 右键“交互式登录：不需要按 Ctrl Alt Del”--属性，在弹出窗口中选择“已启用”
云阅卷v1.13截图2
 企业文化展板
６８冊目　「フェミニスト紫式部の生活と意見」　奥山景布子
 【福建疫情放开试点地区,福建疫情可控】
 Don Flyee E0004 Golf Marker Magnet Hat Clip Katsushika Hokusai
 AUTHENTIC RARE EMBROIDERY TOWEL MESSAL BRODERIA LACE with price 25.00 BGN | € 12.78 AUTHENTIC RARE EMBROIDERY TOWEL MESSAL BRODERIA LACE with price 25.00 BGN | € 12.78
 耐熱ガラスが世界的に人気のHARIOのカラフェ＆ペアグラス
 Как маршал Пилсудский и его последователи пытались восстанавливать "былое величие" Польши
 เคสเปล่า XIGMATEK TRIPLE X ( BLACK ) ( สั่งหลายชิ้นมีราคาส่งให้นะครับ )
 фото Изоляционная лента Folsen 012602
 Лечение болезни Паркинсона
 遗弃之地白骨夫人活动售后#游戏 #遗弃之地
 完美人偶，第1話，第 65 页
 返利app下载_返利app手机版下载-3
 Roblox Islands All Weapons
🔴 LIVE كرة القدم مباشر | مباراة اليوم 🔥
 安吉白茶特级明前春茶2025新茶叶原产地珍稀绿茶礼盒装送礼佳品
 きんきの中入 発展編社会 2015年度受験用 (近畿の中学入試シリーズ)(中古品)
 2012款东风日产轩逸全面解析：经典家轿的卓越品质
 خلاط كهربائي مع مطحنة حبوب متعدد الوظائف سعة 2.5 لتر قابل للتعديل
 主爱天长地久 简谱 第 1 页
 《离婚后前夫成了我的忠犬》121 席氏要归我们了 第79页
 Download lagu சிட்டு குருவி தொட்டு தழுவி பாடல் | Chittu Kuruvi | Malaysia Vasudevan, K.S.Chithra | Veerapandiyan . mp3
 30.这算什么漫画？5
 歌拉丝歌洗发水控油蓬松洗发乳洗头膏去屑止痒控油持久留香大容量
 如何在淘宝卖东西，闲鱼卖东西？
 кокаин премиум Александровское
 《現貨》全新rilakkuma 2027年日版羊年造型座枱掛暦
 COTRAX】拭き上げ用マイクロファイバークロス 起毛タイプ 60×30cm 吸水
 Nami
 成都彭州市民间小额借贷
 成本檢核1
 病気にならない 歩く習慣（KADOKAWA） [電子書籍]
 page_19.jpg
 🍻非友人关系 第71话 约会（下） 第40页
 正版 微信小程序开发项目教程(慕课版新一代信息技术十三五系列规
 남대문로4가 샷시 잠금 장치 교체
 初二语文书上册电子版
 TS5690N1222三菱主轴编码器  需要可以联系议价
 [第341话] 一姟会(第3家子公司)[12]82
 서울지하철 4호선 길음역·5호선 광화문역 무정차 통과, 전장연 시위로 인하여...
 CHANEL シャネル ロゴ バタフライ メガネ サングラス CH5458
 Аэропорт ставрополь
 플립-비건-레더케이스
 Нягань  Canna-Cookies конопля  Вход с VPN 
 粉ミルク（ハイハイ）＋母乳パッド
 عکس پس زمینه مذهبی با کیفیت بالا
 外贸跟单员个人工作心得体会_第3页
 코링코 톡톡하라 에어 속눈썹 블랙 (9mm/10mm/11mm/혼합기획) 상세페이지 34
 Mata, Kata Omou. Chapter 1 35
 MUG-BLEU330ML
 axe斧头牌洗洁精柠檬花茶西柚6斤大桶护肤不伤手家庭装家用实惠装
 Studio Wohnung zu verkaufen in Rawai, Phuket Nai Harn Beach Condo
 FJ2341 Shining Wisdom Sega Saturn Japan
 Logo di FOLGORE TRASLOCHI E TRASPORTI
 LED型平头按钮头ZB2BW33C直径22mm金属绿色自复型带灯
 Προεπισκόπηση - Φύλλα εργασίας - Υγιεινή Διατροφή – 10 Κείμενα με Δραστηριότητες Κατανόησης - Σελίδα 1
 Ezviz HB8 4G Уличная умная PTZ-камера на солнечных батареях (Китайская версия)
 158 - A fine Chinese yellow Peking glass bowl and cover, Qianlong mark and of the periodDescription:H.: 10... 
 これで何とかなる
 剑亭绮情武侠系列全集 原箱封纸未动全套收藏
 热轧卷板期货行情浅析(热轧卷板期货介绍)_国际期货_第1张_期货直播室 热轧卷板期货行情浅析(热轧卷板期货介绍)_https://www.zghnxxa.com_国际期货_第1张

============================================================

-- WHAT TO PRODUCE --
The first line of the listing above through the line containing "Don Flyee E0004": print exactly that, both ends included.

-- RESPONSE FOR THIS EXERCISE --
 右键“交互式登录：不需要按 Ctrl Alt Del”--属性，在弹出窗口中选择“已启用”
云阅卷v1.13截图2
 企业文化展板
６８冊目　「フェミニスト紫式部の生活と意見」　奥山景布子
 【福建疫情放开试点地区,福建疫情可控】
 Don Flyee E0004 Golf Marker Magnet Hat Clip Katsushika Hokusai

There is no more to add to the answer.